### [Dataset records]
....

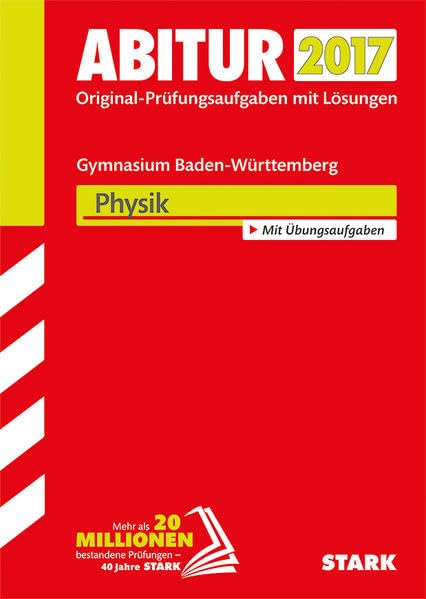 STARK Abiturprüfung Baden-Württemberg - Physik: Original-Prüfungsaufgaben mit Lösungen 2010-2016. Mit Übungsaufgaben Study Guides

....

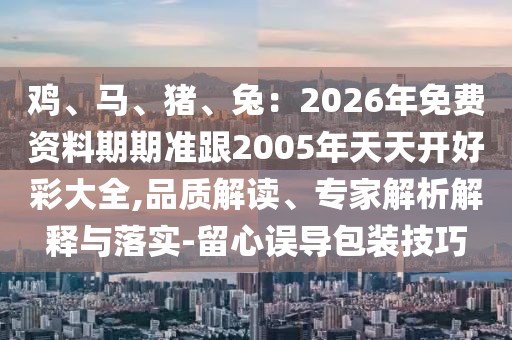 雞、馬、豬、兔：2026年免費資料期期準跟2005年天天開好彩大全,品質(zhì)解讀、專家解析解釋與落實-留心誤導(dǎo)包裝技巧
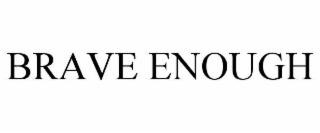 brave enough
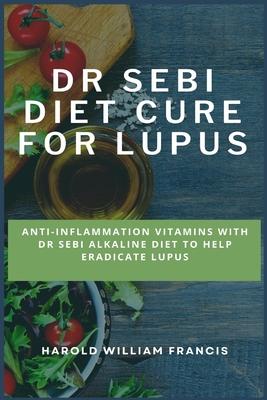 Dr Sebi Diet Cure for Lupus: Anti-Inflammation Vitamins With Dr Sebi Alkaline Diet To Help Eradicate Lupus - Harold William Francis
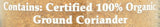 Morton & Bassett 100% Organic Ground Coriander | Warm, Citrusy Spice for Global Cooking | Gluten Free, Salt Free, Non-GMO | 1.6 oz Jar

....

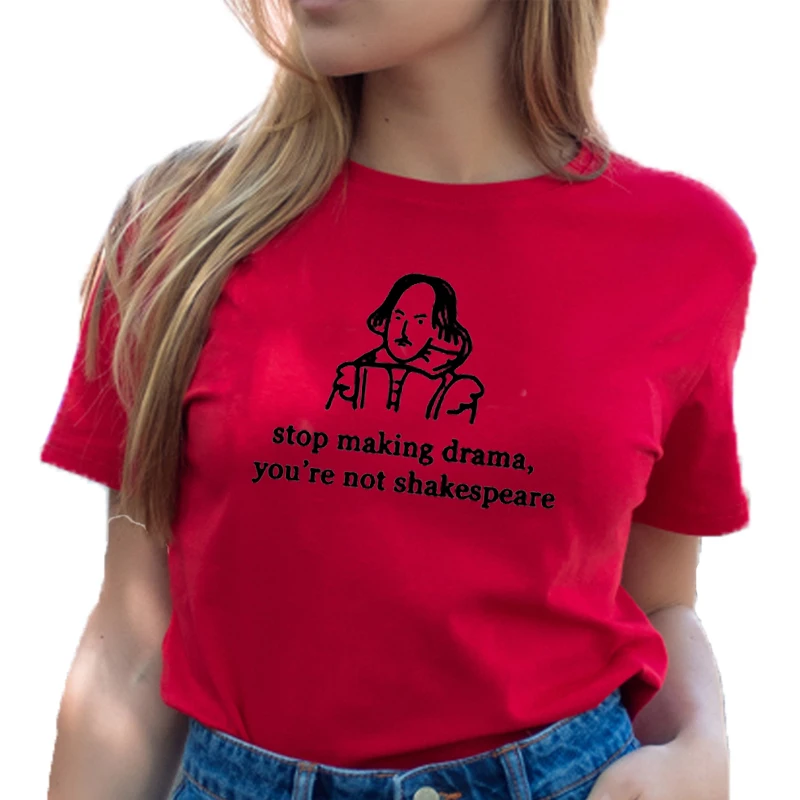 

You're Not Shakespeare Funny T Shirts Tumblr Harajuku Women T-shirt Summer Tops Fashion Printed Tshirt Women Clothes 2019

....

### [Your goal]
Starting at the line with "Dr Sebi Diet" in the entries above, write out every line exactly until the line with "Morton & Bassett" has been written. Include no pictures and nothing more.

### [Task result]
 Dr Sebi Diet Cure for Lupus: Anti-Inflammation Vitamins With Dr Sebi Alkaline Diet To Help Eradicate Lupus - Harold William Francis
 Morton & Bassett 100% Organic Ground Coriander | Warm, Citrusy Spice for Global Cooking | Gluten Free, Salt Free, Non-GMO | 1.6 oz Jar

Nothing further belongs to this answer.